▶ _Work instruction_:
The material below includes pictures; leave them out and return only the lines between the line containing "Next up, a pair" and the line containing "What up YouTube?", inclusive, word for word.

━━━ Data under study

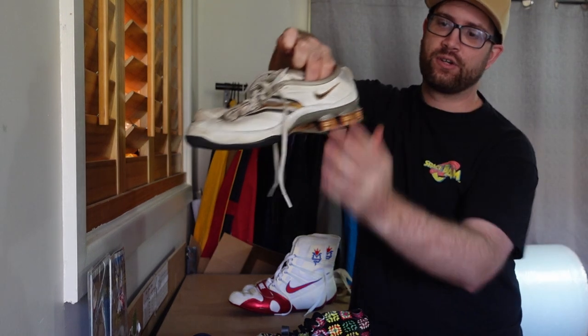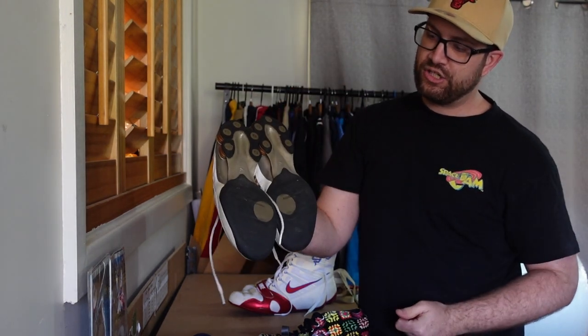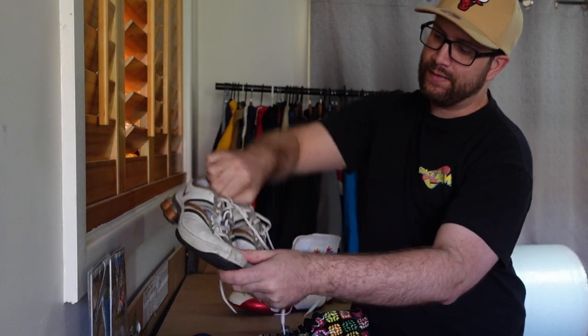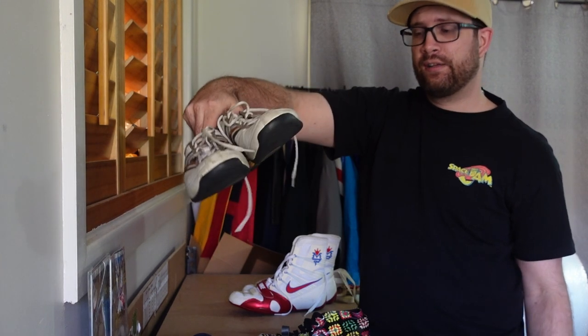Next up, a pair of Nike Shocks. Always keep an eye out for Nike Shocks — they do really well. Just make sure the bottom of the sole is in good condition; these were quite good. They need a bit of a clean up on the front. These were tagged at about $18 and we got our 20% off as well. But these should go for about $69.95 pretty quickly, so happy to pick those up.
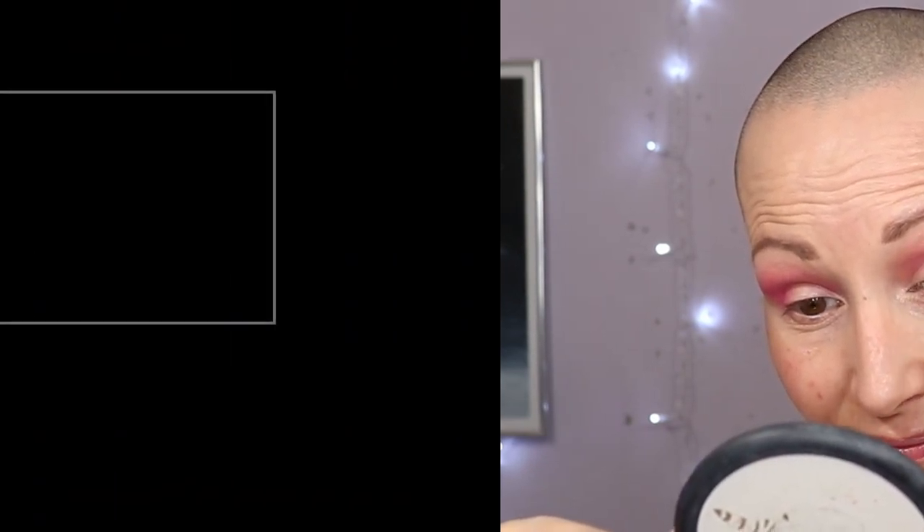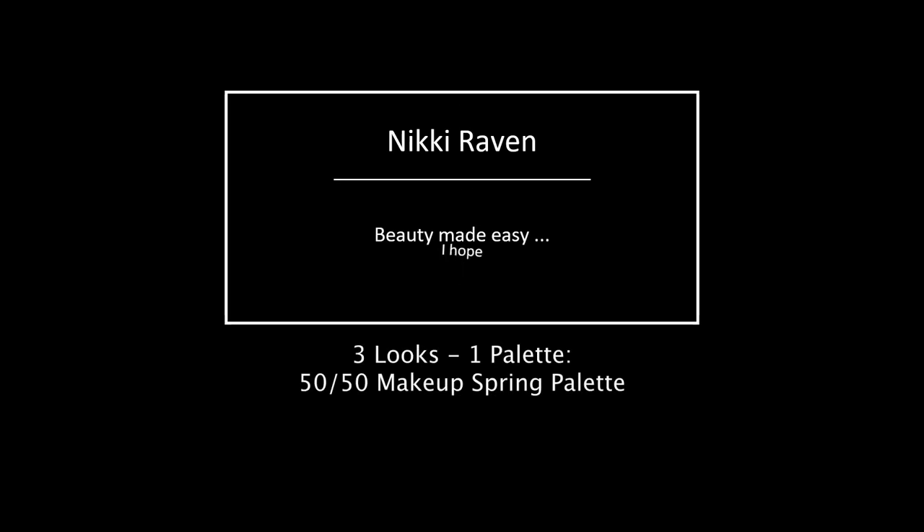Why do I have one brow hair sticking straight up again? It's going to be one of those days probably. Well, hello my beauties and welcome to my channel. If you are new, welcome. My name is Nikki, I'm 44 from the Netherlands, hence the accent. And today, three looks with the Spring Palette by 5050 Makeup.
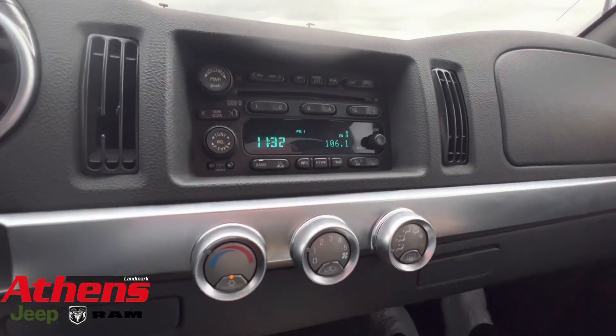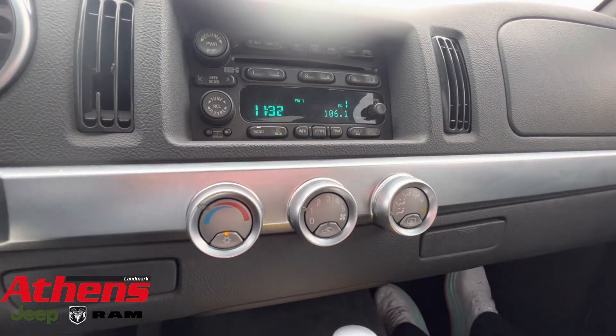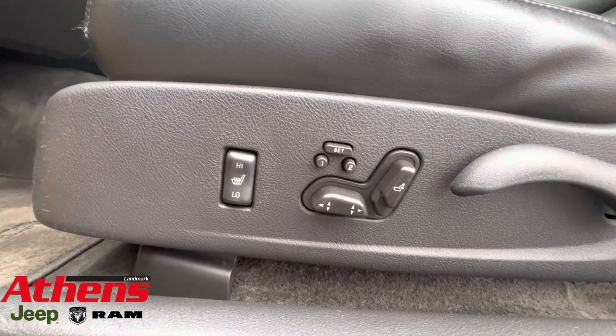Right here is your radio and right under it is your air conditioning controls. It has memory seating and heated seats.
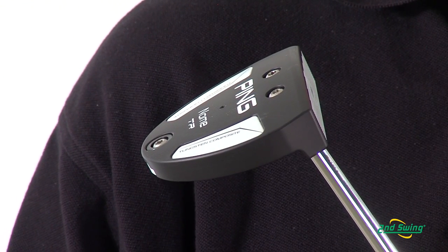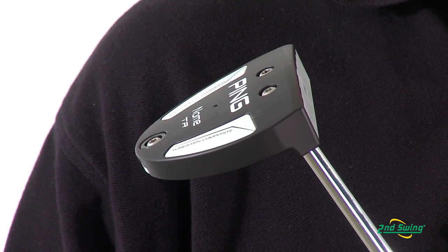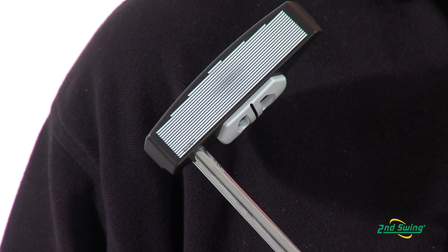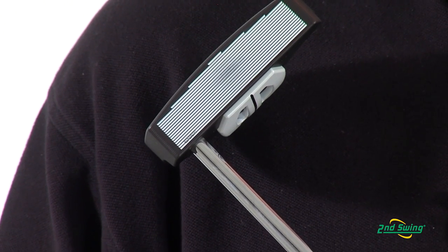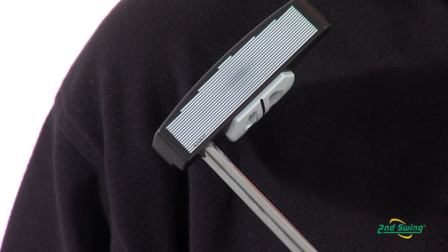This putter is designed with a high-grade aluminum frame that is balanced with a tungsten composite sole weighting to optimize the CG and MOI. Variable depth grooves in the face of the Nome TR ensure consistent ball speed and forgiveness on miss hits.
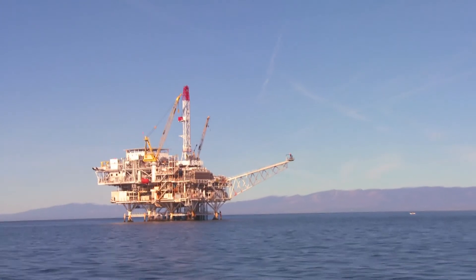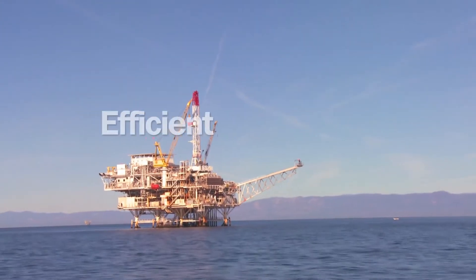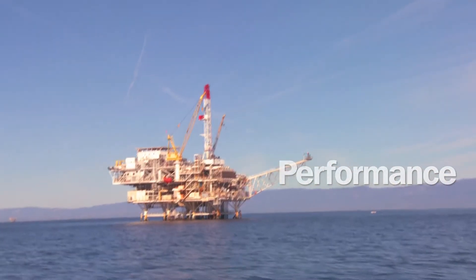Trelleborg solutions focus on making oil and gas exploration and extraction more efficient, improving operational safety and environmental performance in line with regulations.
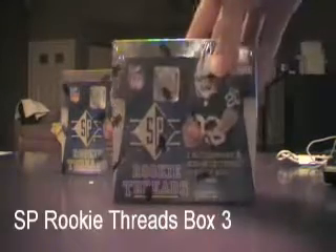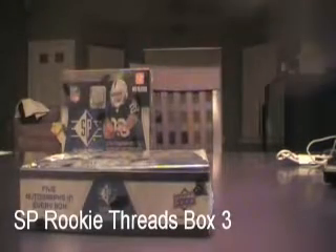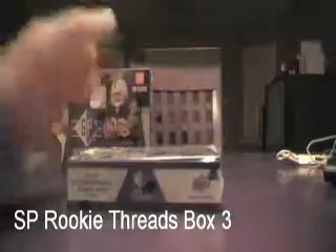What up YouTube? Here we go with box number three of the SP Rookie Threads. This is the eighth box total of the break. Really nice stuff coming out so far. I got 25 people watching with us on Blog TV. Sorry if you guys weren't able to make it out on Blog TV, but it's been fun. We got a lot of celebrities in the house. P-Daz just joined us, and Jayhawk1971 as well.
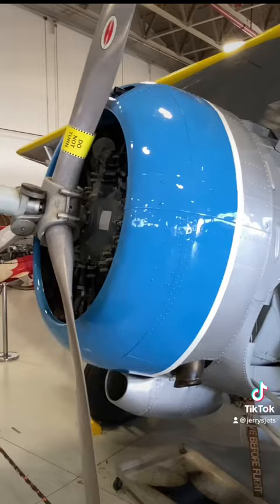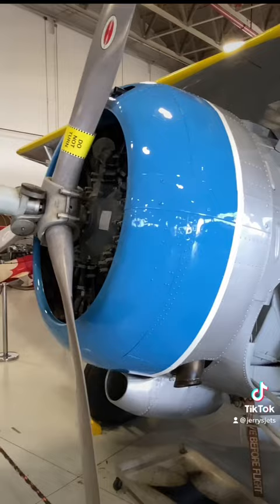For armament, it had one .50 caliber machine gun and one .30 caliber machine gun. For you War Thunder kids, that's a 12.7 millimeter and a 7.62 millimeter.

━━━━━━
━━━ Data under study

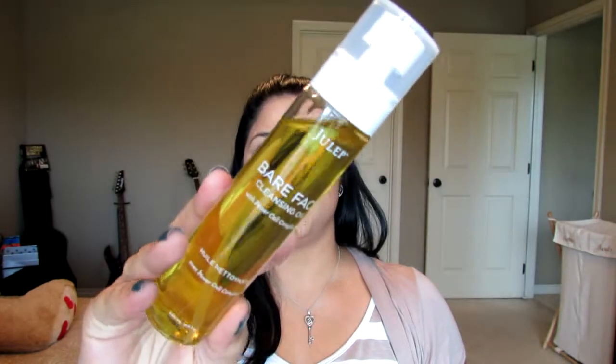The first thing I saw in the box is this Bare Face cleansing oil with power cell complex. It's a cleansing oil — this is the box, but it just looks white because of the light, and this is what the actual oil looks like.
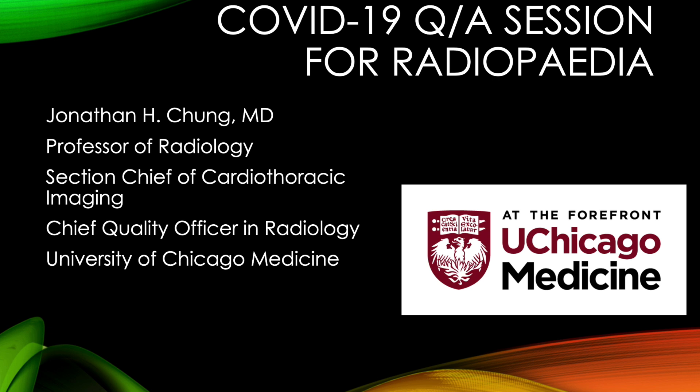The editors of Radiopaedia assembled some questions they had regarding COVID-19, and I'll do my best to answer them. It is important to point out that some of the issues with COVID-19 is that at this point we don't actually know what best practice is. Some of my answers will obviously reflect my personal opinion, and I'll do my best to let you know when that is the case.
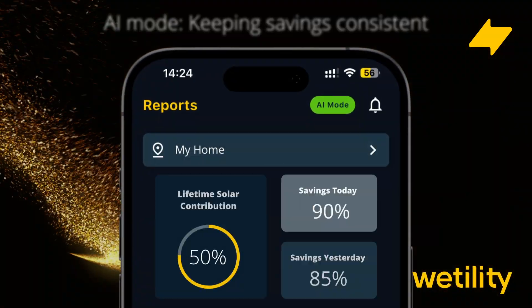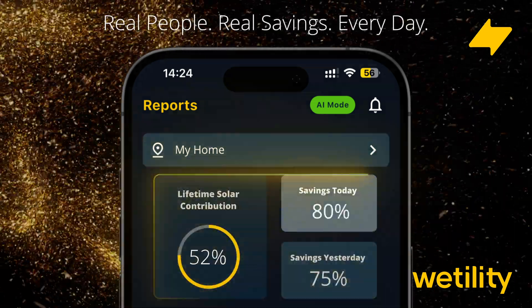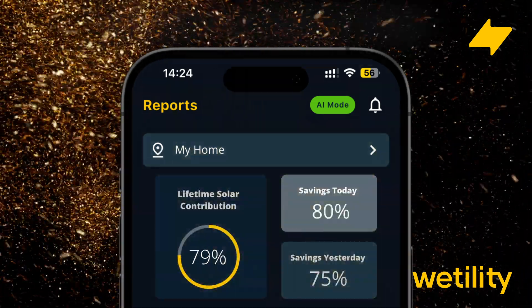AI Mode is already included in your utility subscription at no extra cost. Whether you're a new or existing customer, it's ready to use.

━━━━━━
━━━ Data under study

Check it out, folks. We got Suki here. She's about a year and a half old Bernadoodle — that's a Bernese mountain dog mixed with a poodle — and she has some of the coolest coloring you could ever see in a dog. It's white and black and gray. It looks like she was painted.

━━━━━━

▶ _Exercise response_:
Next up, a pair of Nike Shocks. Always keep an eye out for Nike Shocks — they do really well. Just make sure the bottom of the sole is in good condition; these were quite good. They need a bit of a clean up on the front. These were tagged at about $18 and we got our 20% off as well. But these should go for about $69.95 pretty quickly, so happy to pick those up.
Why do I have one brow hair sticking straight up again? It's going to be one of those days probably. Well, hello my beauties and welcome to my channel. If you are new, welcome. My name is Nikki, I'm 44 from the Netherlands, hence the accent. And today, three looks with the Spring Palette by 5050 Makeup.
Right here is your radio and right under it is your air conditioning controls. It has memory seating and heated seats.
This putter is designed with a high-grade aluminum frame that is balanced with a tungsten composite sole weighting to optimize the CG and MOI. Variable depth grooves in the face of the Nome TR ensure consistent ball speed and forgiveness on miss hits.
Trelleborg solutions focus on making oil and gas exploration and extraction more efficient, improving operational safety and environmental performance in line with regulations.
What up YouTube? Here we go with box number three of the SP Rookie Threads. This is the eighth box total of the break. Really nice stuff coming out so far. I got 25 people watching with us on Blog TV. Sorry if you guys weren't able to make it out on Blog TV, but it's been fun. We got a lot of celebrities in the house. P-Daz just joined us, and Jayhawk1971 as well.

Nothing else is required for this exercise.